Или пятьсот часов хорошего настроения. В связи с
юбилеем на вопросы «Новой газеты» ответил
по-прежнему самый рейтинговый телеведущий
страны
—
Десять лет, согласитесь, уж очень солидный
возраст для развлекательной передачи. Не пора ли
ей на покой? Иногда такое ощущение — что и вам
стало скучно регулярно крутить одно и то же
колесо, мучить рекламную паузу, выслушивать
приветы игроков своим родственникам и друзьям?
Может, закрыть «Поле...», пока не стыдно?
— Закрыть — не закрыть... Я
не могу ответить на этот вопрос. Я понимаю,
наступает предел. И обязательно надо что-то
менять. Может, условия игры. Может, отгадывать
пословицы, а не слова. Или сделать «Поле...»

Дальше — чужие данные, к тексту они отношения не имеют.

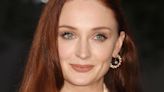 Sophie Turner évoque son divorce dans une publicité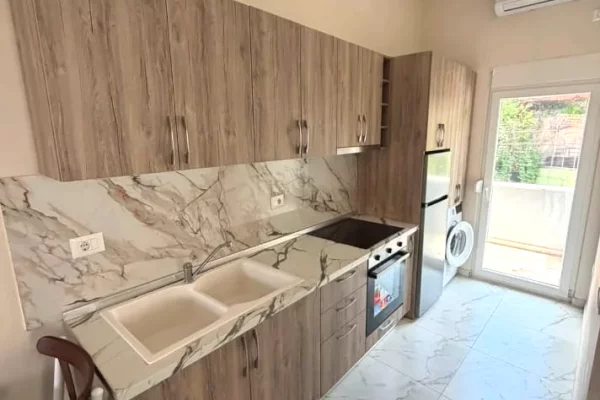 Shtepi me qera Apartament ne Tirane, 1+1, Mobilimi E mobiluar, Pagesa 35,000  Leke.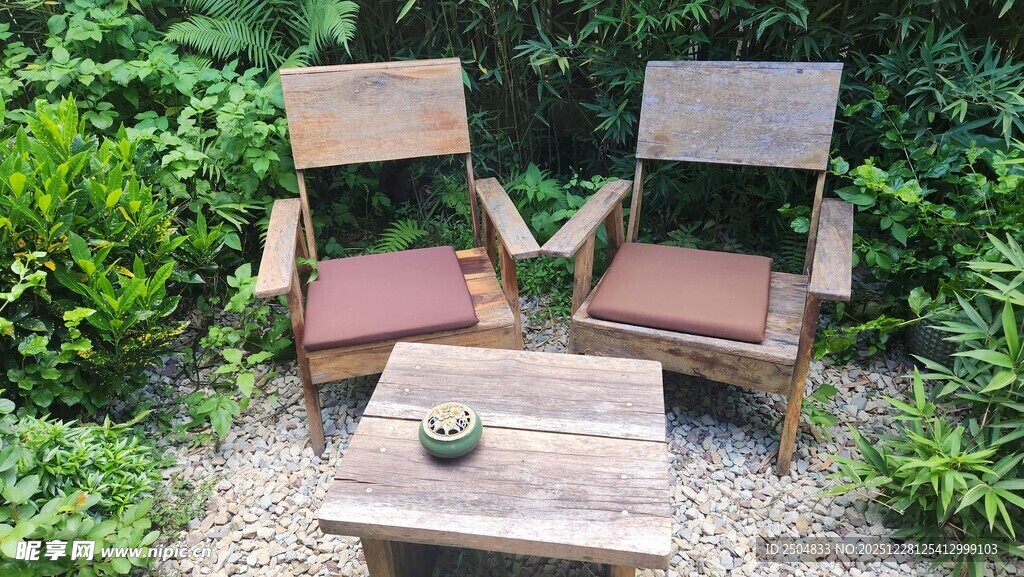 户外木质休闲桌椅组合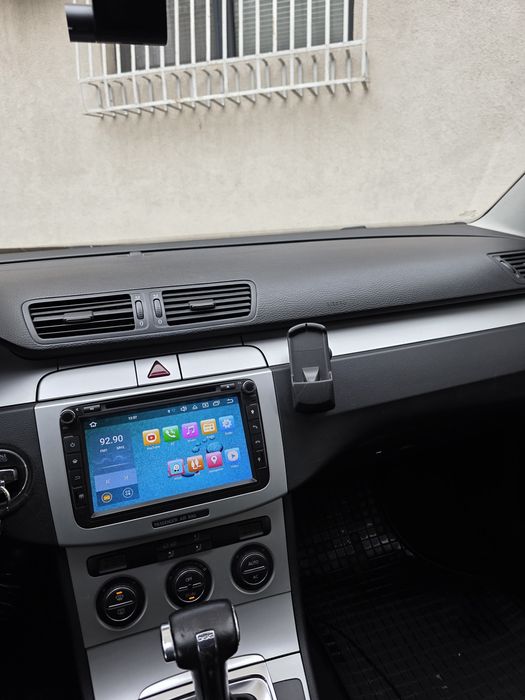 Vând auto Volkswagen Passat 2008,cutie automata, gri, 3500e, neg.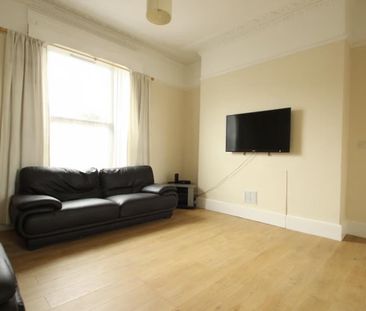 North Road East, Plymouth - Photo 1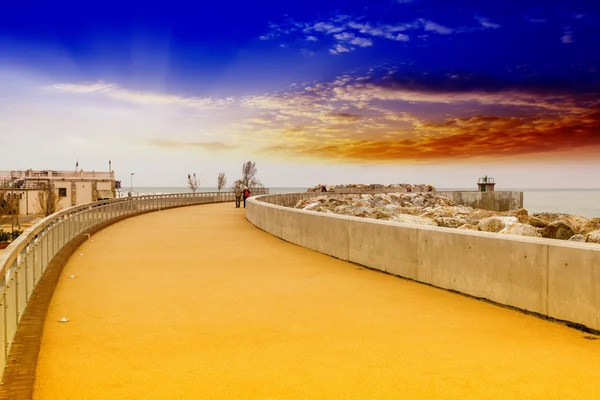 Passeggiando nel porto — Foto Stock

короче... Но прежде чем ломать, стоит подумать: а
почему эта штука так полюбилась народу? Если
десять лет люди улыбаются по пятницам, значит,
это пятьсот часов хорошего настроения. Хотя бы
для кого-нибудь. Знаете, это много.
Я думаю так: в наш
тяжелейший жизненный период «Поле...» снимало у
людей гигантское напряжение. Десять лет подряд
снимало напряжение! Вдумайтесь, это грандиозно! 52
минуты радостного расслабления. И ведь это не я
придумал: есть письма о том, как программа кого-то
спасла и вытянула... Деревни, где нет света, но
бабушки тащат аккумулятор и последние его силы
тратят на то, чтобы посмотреть «Поле чудес». Как к
этому относиться? Спокойно? Я не могу. И с этой
точки зрения, когда ее закрывать? И если
закрывать, то что ставить на ее место? Нельзя же
бороться ПРОТИВ чего-то, надо бороться ЗА что-то.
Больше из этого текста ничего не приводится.